Isaiah 56 paints a beautiful picture of what happens when people choose to respond to God’s loving invitation to enter into relationship with Him. In the opening verses of the chapter, two groups are described – the stranger and the eunuch, groups that were often excluded from the assembly.  But here they are encouraged not to feel excluded from the community of God that they have joined. Instead, they are reassured of God’s welcome.

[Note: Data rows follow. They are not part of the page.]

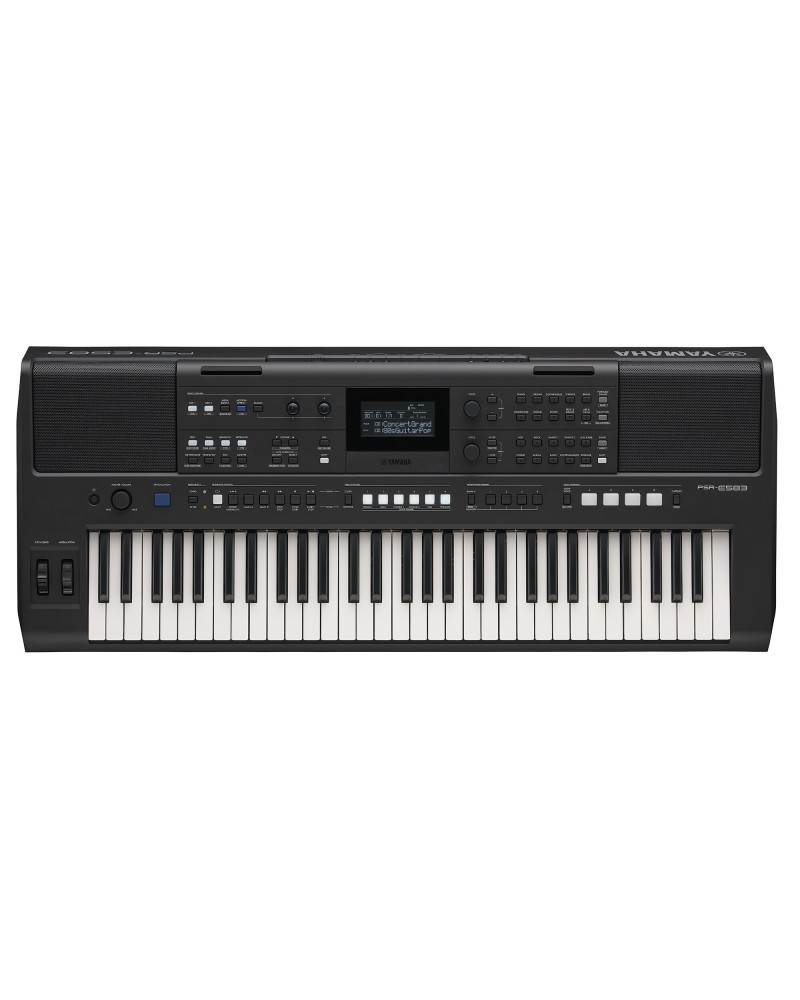 PSRSX700 PSRSX900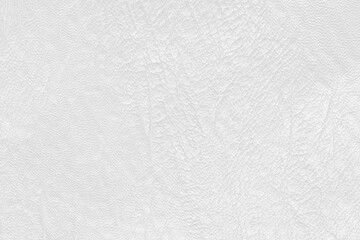 White grey leather texture background with seamless pattern and high resolution.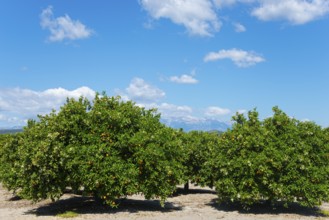 Rows of orange trees under a clear blue sky in a sunny plantation, orange trees near Skala,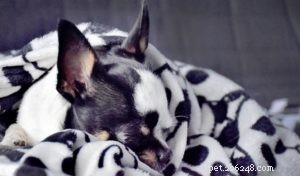 5 huismiddeltjes tegen verkoudheid bij honden:alle natuurlijke behandelingen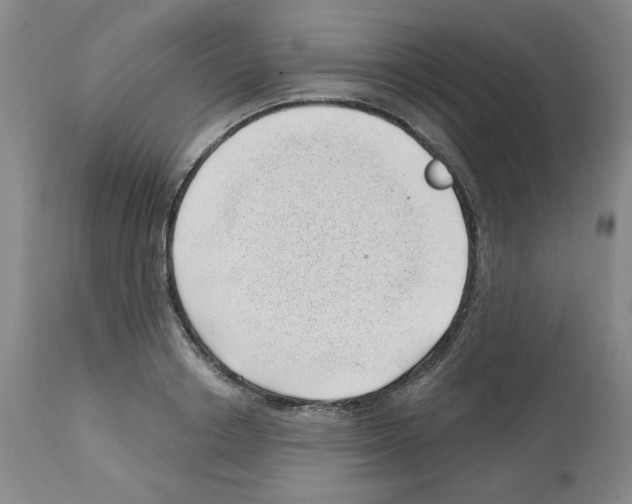 X0000112740842200910011218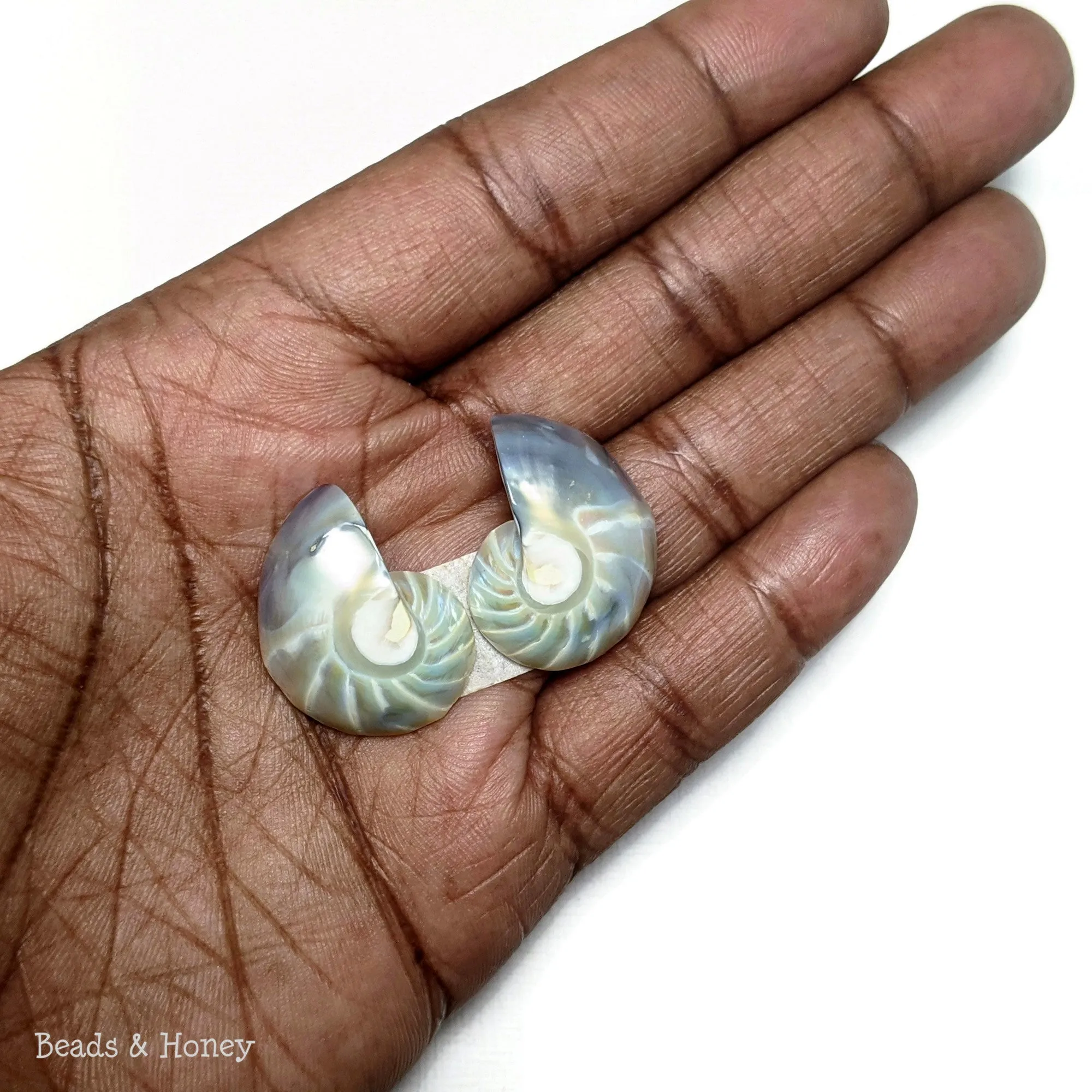 Nautilus Shell Cabochon Blue-Gray Smooth/Ridges 18x25mm (Set of 2)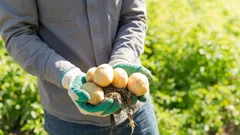 Ktorá odroda zemiakov je najlepšia na zemiakovú kašu: voňavá, múčnatá a po uvarení veľmi mäkká?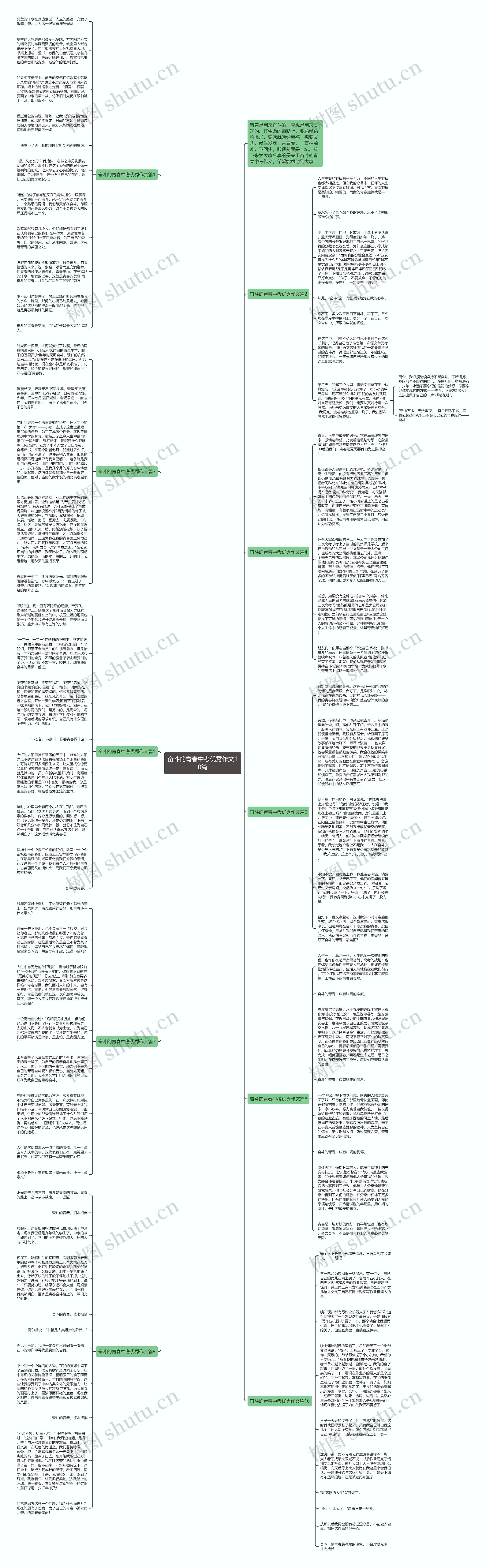 奋斗的青春中考优秀作文10篇思维导图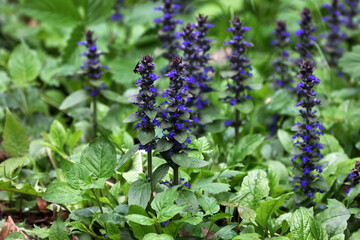 Wall Mural - closeup shot of blue flowers of ajuga reptans atropurpurea in spring.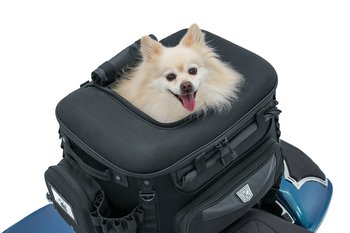 GRAND PET PALACE
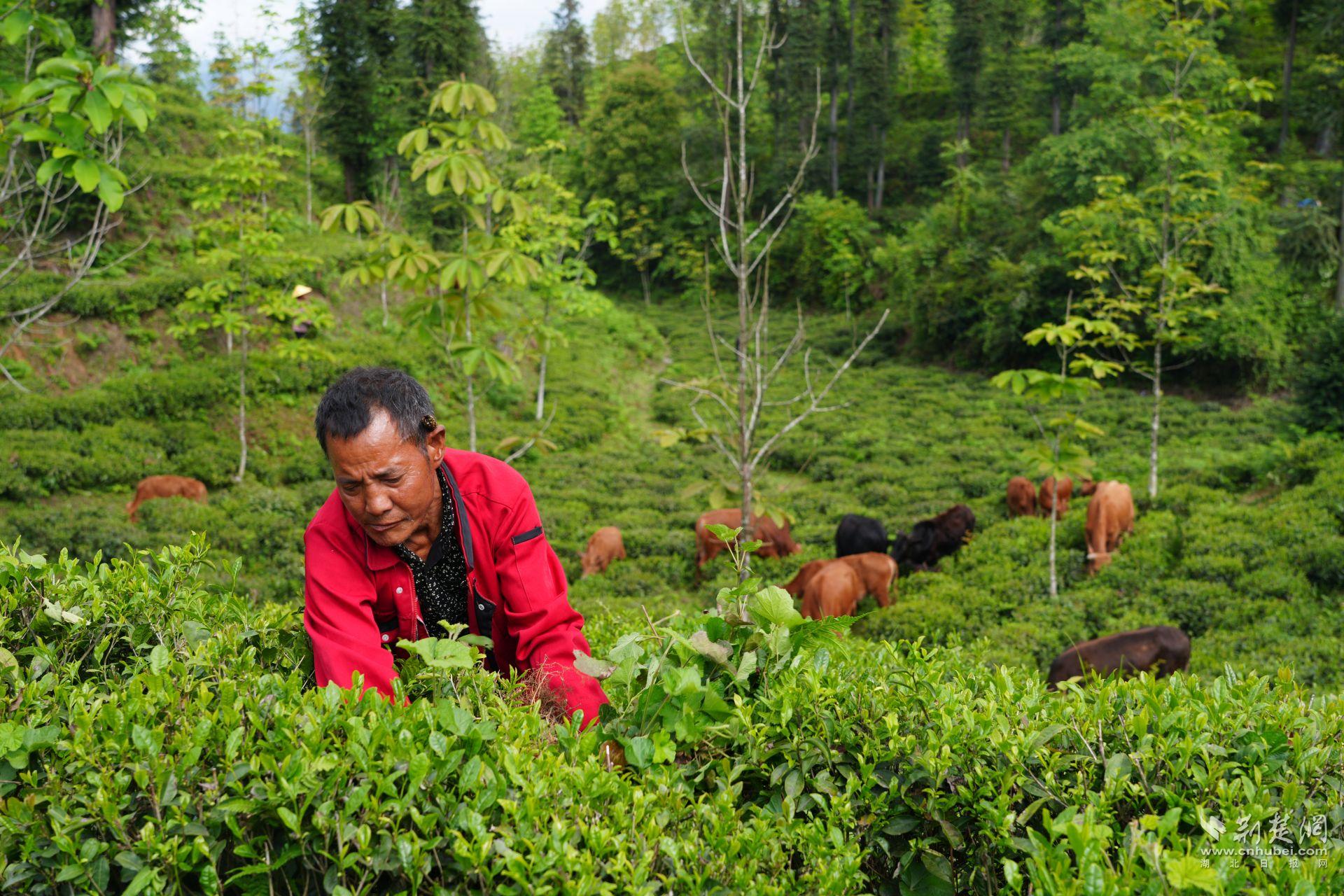 人工除草.JPG.JPG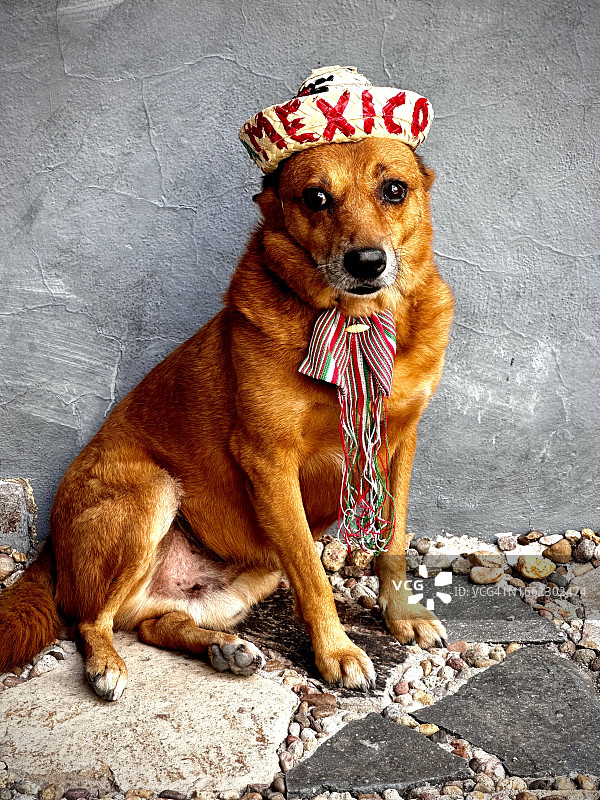 爱国狗狗图片素材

Also the sons of the foreigner who join themselves to the Lord, to serve Him, and to love the name of the Lord, to be His servants - everyone who keeps from defiling the Sabbath, and holds fast My covenant - even them I will bring to My holy mountain, and make them joyful in My house of prayer. Their burnt offerings and their sacrifices will be accepted on My altar; for My house shall be called a house of prayer for all nations.
— Isaiah 56:6-7

We also see in the passage the language and imagery of covenant including keeping the Sabbath, which was one of the signs of being in relationship with the God of Israel.   The promise is that anyone who chooses to join to the Lord, to love and serve Him is no longer outside the covenant (represented by the stranger and the eunuch) but is now part of the house of God.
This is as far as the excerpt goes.